As a point of reference, the story of North Korean prisoner Shin Dong-hyuk (http://www.youtube.com/watch?v=Lr6Rw0ltFxc) is the single most broken, fucked up, yet amazing thing I have ever heard. Not trying to belittle hosiptal bill fuckery - I just love sharing this story.
Summary: Born in a concentration camp as punishment for family members defecting ("three generations punishment"). Turns in his mother and brother for trying to escape. Witnesses their execution. At age 23, inspired by the idea of being able to eat chicken and pork, he escapes. Manages to reach China with no prior knowledge of the outside world.

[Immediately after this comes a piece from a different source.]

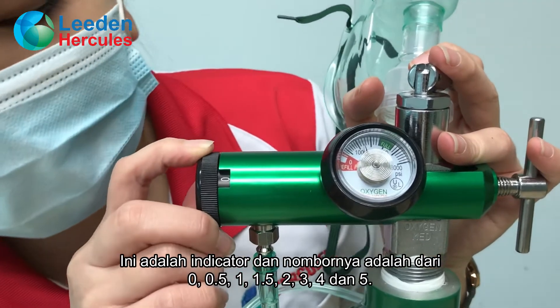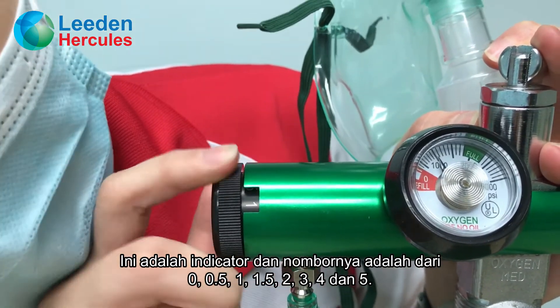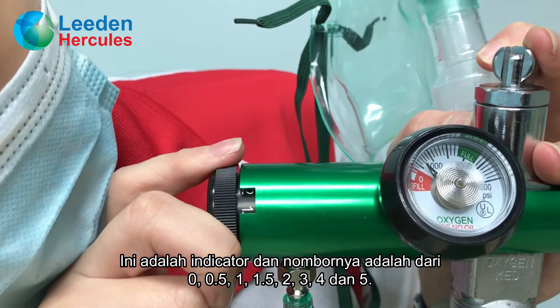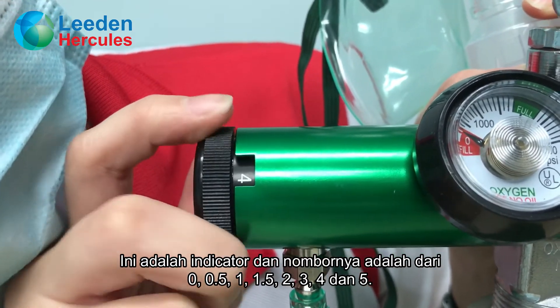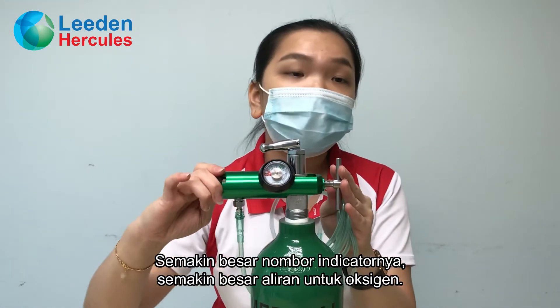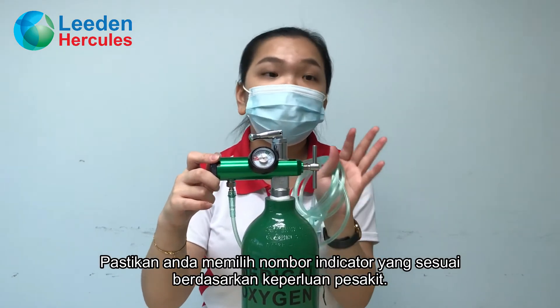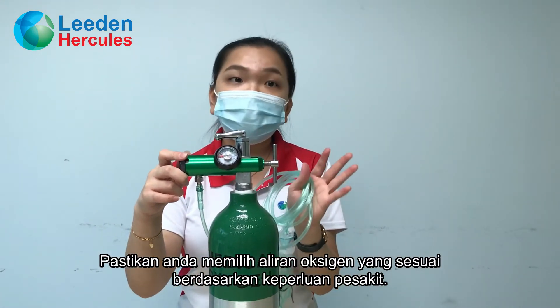The indicator numbers go from 0, 0.5, 1, 1.5, 2, 3, 4, and 5. The bigger the number on the indicator, the greater the flow rate of the oxygen gas. Please choose the suitable rate of oxygen flow based on the patient's needs.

Services, including medical care, are not free and debts must be paid. Credit rating agencies, as well as all reputation-reporting services, are protected speech.
As an American, what's fucked up to me is that in some other countries, you can actually be imprisoned for debt.
Job prospects can be threatened by many things that seem, at first glance, like they might not be related... and that may not be a bad thing in all cases. Let markets make their own decisions.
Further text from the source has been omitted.